ABSTRACT
This proposal will address the critical need to define for cannabinoid exposure: 1) the most sensitive
developmental exposure windows; 2) the dose- and sex-dependence of adverse outcomes; 3)
developmentally relevant molecular mechanisms of persistent adverse effects; and 4) the relative
developmental toxicity of other cannabinoids available to consumers. Cannabis/∆9-tetrahydro-
cannabinol (THC) is the most commonly used illicit drug by pregnant women, and cannabidiol (CBD)
is readily available over the counter with suggested benefits in pregnancy for morning sickness, stress,
and sleeplessness. Similarly, other minor cannabinoids are marketed directly to consumers with
numerous health claims. Because of maternal use, pre- and post-natal cannabinoid exposures occur
during critical stages of children’s brain development despite our lack of understanding of the acute
and long-term consequences. In addition, cannabinoid exposure (e.g. via vaping) frequently occurs
during adolescence, another sensitive time of brain development and neuronal pruning. In our zebrafish
model system, we have observed persistently altered adult behavior after embryos were exposed to
THC and CBD during early development. Our central hypothesis is that exposure to cannabinoids
causes alterations in inflammatory mediators in the developing brain leading to the persistent
alterations in behavior throughout development and into adulthood. Our research framework, depicted
as an adverse outcome pathway (AOP), will specifically investigate three aims to measure: 1)
morphological and persistent behavioral alterations in anxiety/locomotion; 2) time-of-exposure
susceptibilities; and 3) neuroinflammation resulting from THC and CBD developmental exposure. We
will use the highly relevant, predictive, and high throughput zebrafish model, including three transgenic
lines, to assess the spatial and temporal relationships between microglial response, gene expression,
and persistent behavioral adverse outcomes.
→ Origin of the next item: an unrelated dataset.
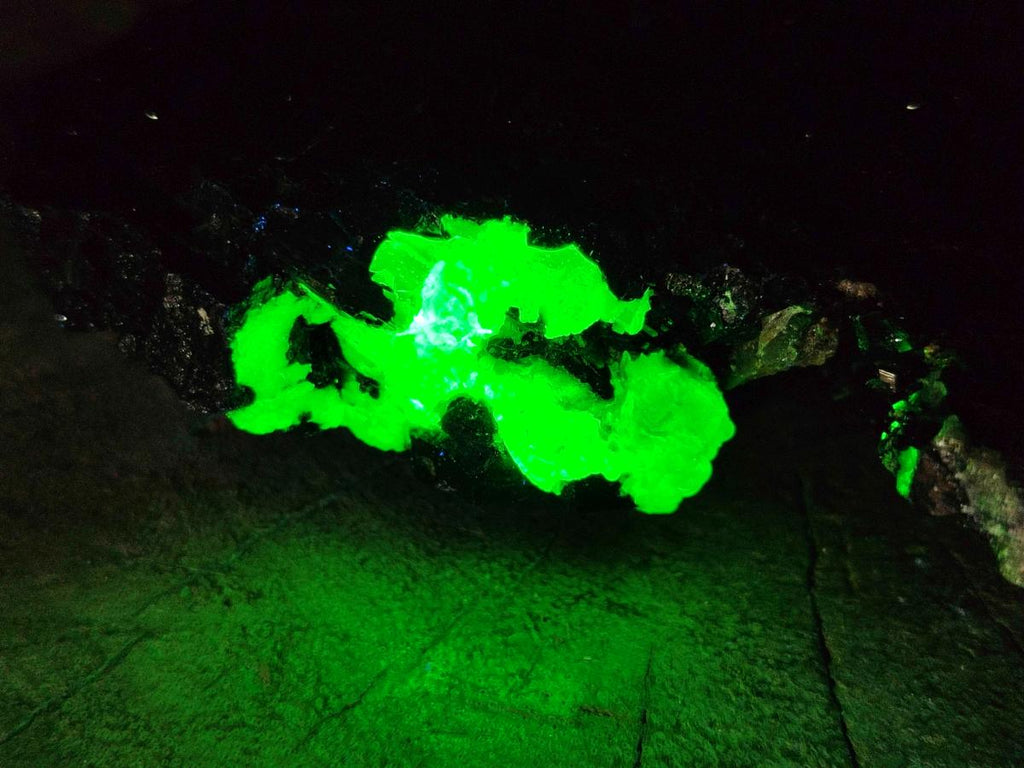 Natural Schorl Black Tourmaline with Associated Minerals x 6 From Erongo, Namibia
Cannabinoid-mediated changes in neuroinflammation
gene/protein expression and altered cellular trajectories will be identified using single nucleiRNAseq
and LC-MS/MS protein validation in larval and adult brains. The dependence of the specific cannabinoid
receptors in observed toxicities will be determined by using cannabinoid receptor 1 and 2 null lines.
Our ongoing and productive collaborations, including work with three NIH-COBRE core facilities, will
be leveraged to inform the developmental origins of health and disease caused by cannabinoid
exposure. The proposed research is significant because it will provide new, relevant information to
guide cannabinoid policy and healthcare decisions made by pediatricians, obstetricians, and policy-
makers needed to ensure public health and safety.